Built in 1792 by George Grierson, whose family were the king’s printers in Ireland, the lodge has high gables and tall chimneys, and commands impressive views across a valley of bracken and gorse-clad slopes to the Bohernabreena reservoir in Glenasmole, in the Dublin mountains. It is a remarkably photogenic place to locate a house.
It is said that Fionn MacCumhaill and the Fianna liked to hunt deer in the valley. The deer still roam the valley and while they don’t eat the rhododendron or the azaleas they seem to like everything else in the garden, the owner, who bought the place in 2001, laments. Such are the downsides to living in such an apparent wilderness; yet the estate is within easy reach of the shops at Firhouse.
The gardens extend to 34 acres and include pasture and woodland featuring Scots pine, beech, mountain ash and the aforementioned rhododendron, shocking pink at this time of the year. Golden variegated Irish yews and other ornamental conifers line the driveway.
The estate includes another 173 acres of ancient grouse moorland, subject to turbary and grazing rights, home to red grouse, woodpeckers and some cuckoos.
“It is the biggest small estate in Co Dublin,” says the owner.
Many of Ireland’s great houses have been documented in a myriad of coffee-table books. Glenasmole is featured in the 1912 The Neighbourhood of Dublin by Weston St John Joyce and in fashion designer Sybil Connolly’s 1988 In An Irish House, which heralded in a new era of appreciation.

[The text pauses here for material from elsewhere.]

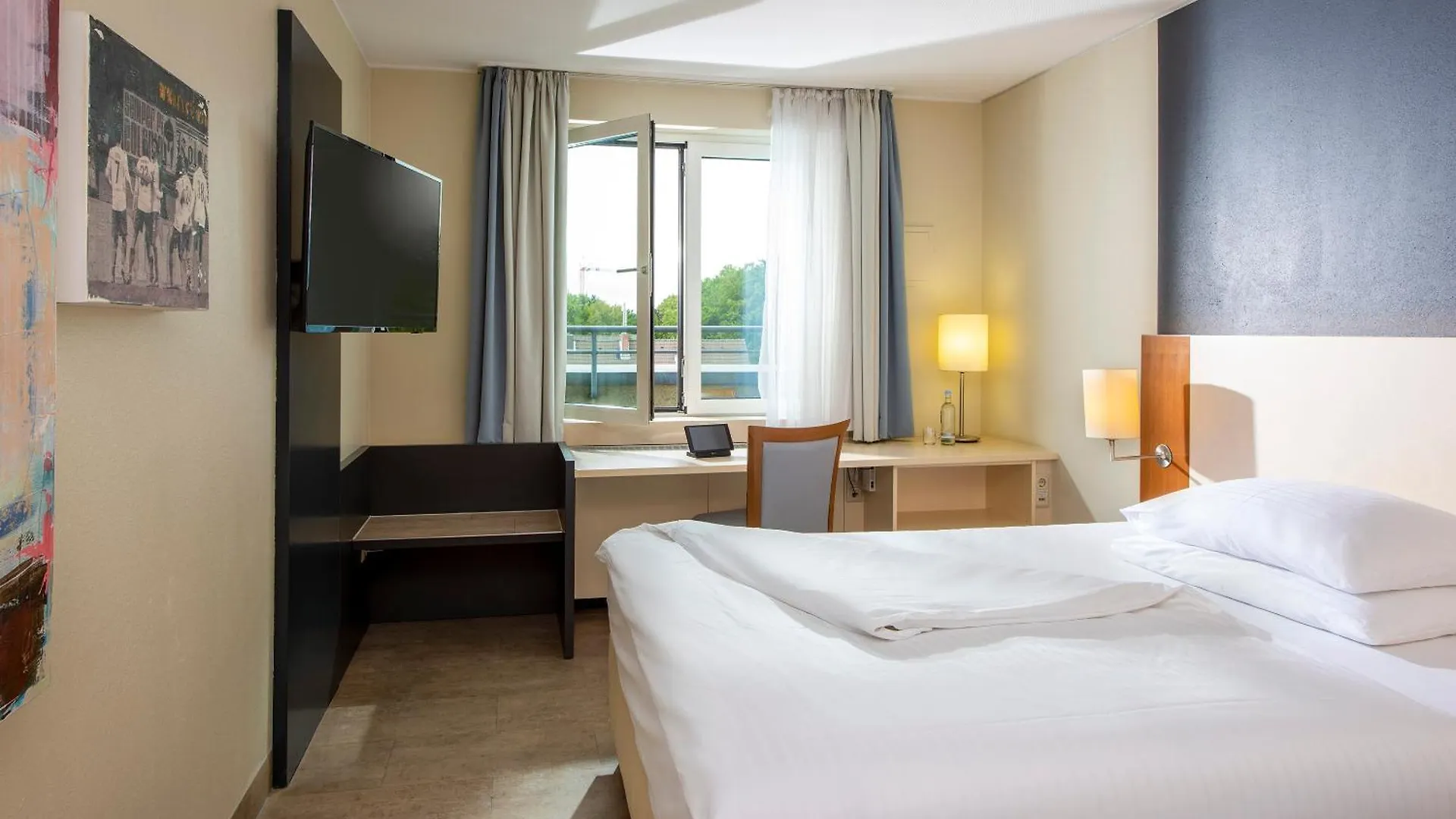 ***  Essential By Dorint Koeln-Junkersdorf Hotel Germany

And while the property – which extends to 507sq m (5,467sq ft) – has a colourful history that includes it being ruined by fire and restored in the 1800s, hence its Regency-cum-gothic look, it is first and foremost a family home where the current owners reared their children in what the owner describes as “a Swallows and Amazons existence”, after the children’s adventure novel by Arthur Ransome that was turned into a feature film.
The children had ponies and there is plenty of room in farm buildings, stables and a restored cottage, but it is the grounds themselves that are notable, says the owner. There are stately trees, some more than 200 years old and soaring to 200ft, that shelter the property and lend it a secret feel, explains the owner.
“It is a very atmospheric house,” he says, having lived there since 2001. “The fixtures in the house are its most important feature. We haven’t done a lot to it structurally but have spent a lot on decoration.” This includes papering many of the interior walls in hand-printed designs by luxury Paris-based house Zuber.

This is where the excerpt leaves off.